挨拶巡り-騎士団-
王様の突撃訪問の次の日。私とアンバーは王城の敷地内にある騎士団の寮に向かってる。
あの後みんなと話し合って、実際ここにいても何もやる事もやりたい事も無いのは事実だから一度森に帰ろうということになった。街に行かないのか聞かれたけど、興味より面倒の方が勝ったから行かない。んで、帰る前に顔見知りの人ぐらいには挨拶しておこうと思ってまずはダルダさんの元へ。その後宰相さんと最後に王様に挨拶して終わり。
なんか挨拶するのがたった三人って少ないよね。自分の引きこもり具合すごいな。
ゆっくりとアンバーとおしゃべりしながら歩いていると、寮が近づいてきたのか騎士達の訓練してる声や音が聞こえてきた。
「アンバーすごいね。私剣と剣がぶつかる音なんて初めて聞いたよ」
「ルミの元の世界を考えれば当然であろうな。我としてはこんな耳障りな音は余りルミには聞き慣れて欲しくはないがな」
おお〜これが異世界、とアンバー言えばアンバーはこの音が好きでは無いらしくフンッと鼻を鳴らした。でもそうだよね、自然大好きな聖獣からしたら武器の音なんて好む訳ないよね。だとしたら道が分からないとはいえ着いてきてもらっちゃって悪いことしたな。

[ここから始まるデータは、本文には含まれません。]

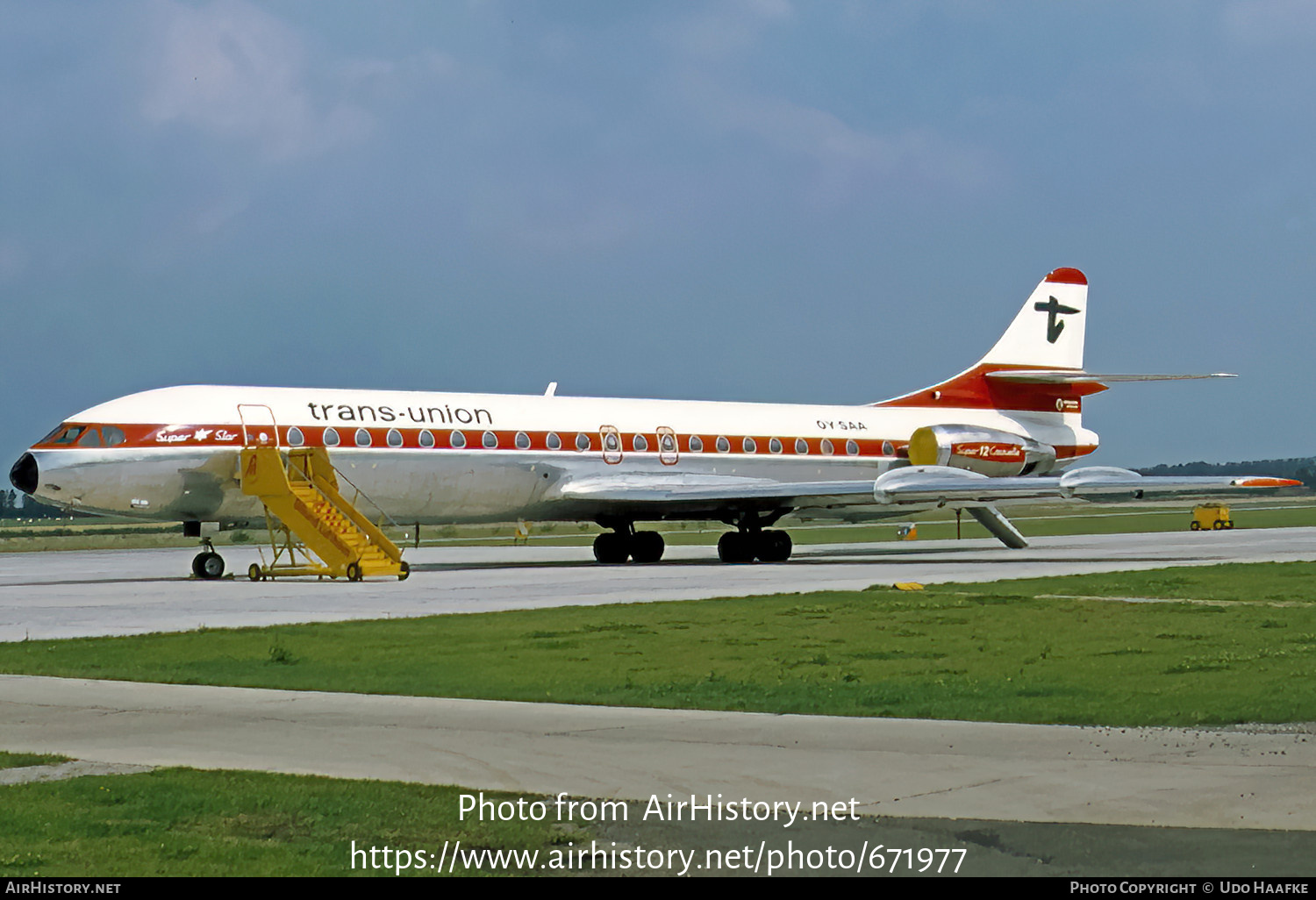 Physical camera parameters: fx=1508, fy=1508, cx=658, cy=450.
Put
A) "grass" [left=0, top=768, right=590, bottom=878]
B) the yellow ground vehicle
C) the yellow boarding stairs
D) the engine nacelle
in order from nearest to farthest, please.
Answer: "grass" [left=0, top=768, right=590, bottom=878]
the yellow boarding stairs
the engine nacelle
the yellow ground vehicle

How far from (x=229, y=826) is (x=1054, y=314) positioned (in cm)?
3947

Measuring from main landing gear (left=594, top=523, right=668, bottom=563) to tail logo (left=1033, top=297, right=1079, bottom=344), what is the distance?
1408cm

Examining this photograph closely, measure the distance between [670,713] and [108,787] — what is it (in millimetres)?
4131

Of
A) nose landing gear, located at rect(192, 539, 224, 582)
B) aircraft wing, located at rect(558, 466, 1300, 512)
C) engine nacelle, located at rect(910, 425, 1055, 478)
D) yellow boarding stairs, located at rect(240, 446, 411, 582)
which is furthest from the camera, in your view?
engine nacelle, located at rect(910, 425, 1055, 478)

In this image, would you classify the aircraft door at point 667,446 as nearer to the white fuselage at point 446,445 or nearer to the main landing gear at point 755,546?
the white fuselage at point 446,445

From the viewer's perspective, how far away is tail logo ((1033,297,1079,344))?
144 feet

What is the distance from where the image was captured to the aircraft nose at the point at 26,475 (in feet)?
93.9

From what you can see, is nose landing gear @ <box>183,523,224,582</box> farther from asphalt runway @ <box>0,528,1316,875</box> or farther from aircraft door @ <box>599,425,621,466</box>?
asphalt runway @ <box>0,528,1316,875</box>

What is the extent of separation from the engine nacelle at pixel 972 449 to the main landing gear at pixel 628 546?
26.8ft

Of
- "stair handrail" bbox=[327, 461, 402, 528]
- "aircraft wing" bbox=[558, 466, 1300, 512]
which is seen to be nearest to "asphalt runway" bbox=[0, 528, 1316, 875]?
"stair handrail" bbox=[327, 461, 402, 528]

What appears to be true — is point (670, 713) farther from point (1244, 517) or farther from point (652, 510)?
point (1244, 517)

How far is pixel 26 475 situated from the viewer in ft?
94.2

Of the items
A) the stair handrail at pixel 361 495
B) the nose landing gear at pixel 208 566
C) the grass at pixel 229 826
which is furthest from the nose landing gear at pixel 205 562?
the grass at pixel 229 826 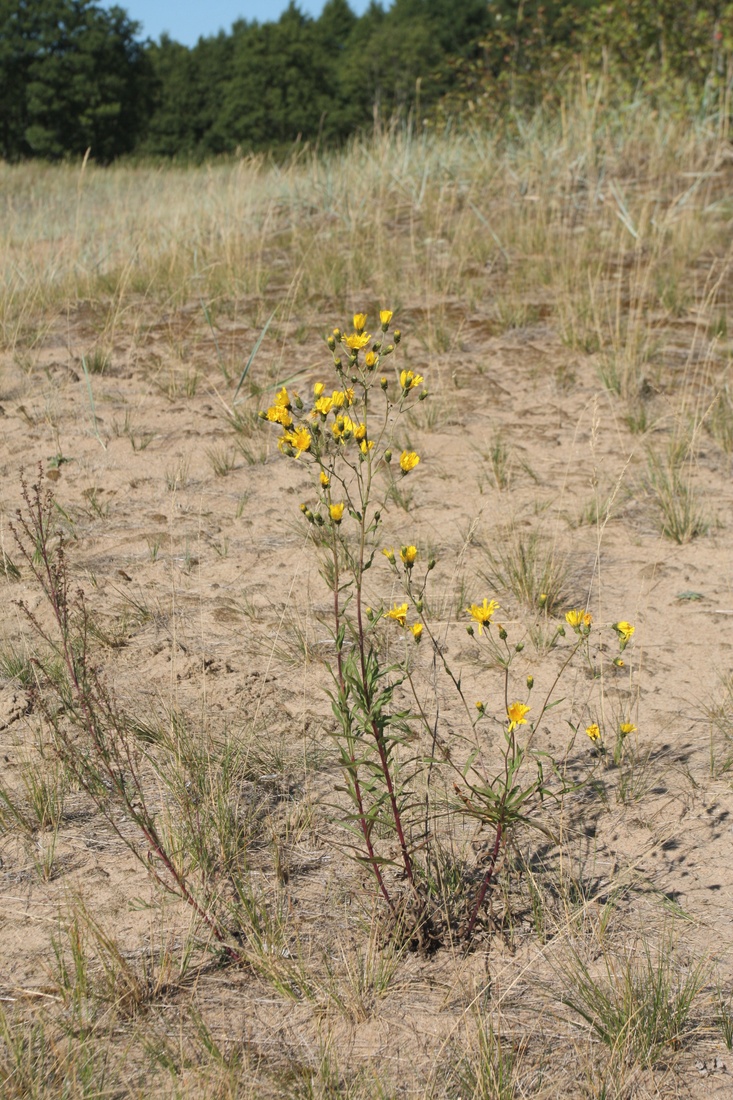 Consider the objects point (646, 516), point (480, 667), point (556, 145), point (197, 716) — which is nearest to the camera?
point (197, 716)

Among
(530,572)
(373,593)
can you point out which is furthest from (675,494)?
(373,593)

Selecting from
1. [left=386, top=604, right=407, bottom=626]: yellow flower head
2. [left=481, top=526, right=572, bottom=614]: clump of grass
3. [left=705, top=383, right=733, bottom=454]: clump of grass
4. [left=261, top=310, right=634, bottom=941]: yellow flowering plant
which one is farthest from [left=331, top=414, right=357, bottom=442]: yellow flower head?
[left=705, top=383, right=733, bottom=454]: clump of grass

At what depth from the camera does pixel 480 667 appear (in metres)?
2.87

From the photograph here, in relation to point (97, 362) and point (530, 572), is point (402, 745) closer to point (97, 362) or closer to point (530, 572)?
point (530, 572)

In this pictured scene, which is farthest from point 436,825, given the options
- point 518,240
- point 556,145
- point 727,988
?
point 556,145

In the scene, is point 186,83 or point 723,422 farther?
point 186,83

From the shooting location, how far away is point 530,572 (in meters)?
3.20

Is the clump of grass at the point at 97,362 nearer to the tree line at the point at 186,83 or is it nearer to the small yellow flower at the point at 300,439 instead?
the small yellow flower at the point at 300,439

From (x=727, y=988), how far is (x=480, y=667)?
3.93 ft

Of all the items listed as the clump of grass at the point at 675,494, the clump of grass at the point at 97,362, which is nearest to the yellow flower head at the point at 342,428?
the clump of grass at the point at 675,494

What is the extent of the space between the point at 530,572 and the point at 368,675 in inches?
52.8

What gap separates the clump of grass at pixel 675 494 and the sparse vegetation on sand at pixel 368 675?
0.07 ft

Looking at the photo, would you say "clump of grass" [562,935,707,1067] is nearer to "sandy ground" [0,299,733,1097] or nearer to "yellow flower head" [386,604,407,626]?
"sandy ground" [0,299,733,1097]

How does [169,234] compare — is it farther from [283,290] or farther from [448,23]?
[448,23] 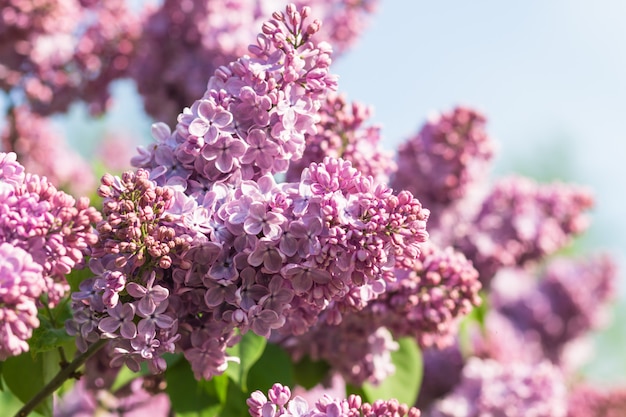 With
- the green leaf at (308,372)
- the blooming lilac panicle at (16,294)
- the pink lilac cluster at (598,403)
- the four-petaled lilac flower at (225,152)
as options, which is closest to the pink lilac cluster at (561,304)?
the pink lilac cluster at (598,403)

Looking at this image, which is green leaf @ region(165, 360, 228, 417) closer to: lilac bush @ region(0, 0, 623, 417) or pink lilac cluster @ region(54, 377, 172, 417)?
lilac bush @ region(0, 0, 623, 417)

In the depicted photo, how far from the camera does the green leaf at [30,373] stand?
160 cm

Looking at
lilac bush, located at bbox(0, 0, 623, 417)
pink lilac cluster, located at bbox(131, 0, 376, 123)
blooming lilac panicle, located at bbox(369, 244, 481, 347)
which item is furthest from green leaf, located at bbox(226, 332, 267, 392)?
pink lilac cluster, located at bbox(131, 0, 376, 123)

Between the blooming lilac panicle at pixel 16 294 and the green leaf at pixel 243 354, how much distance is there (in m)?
0.64

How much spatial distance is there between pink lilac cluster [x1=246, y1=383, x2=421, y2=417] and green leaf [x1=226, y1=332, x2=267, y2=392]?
0.49 metres

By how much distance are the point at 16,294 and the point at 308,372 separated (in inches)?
43.0

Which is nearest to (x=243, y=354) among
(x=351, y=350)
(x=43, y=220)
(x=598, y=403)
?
(x=351, y=350)

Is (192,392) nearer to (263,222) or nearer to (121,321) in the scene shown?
(121,321)

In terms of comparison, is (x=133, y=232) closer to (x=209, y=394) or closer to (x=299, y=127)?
(x=299, y=127)

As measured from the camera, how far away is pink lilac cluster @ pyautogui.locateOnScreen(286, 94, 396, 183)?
65.7 inches

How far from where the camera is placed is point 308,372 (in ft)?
6.84

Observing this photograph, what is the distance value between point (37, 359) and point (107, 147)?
3855 millimetres

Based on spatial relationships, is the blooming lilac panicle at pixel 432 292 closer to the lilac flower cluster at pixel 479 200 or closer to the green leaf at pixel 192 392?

「この音が好かないのは確かだがそれだけだ。ルミが気にする事はない」
「……いつも思うけど、やっぱりみんな私の心読んでるでしょ?」
「ルミはすぐに顔に出る。故に直ぐ分かるだけだ、気にする事はない」
向こうにいた時は逆に何を考えてるか分からないとばかり言われてたからか、分かりやすいなんて言われても本当か?と疑っちゃう。うーん、今からポーカーフェイスを極めるか?
うーんと考えながら歩いていれば音は更に大きくなりあっという間に入り口に着いた。大きな門とその横に駅の改札口にある駅員室みたいな部屋がくっついてた。違うのは改札口が門で中にいるのは駅員ではなく騎士であることぐらい。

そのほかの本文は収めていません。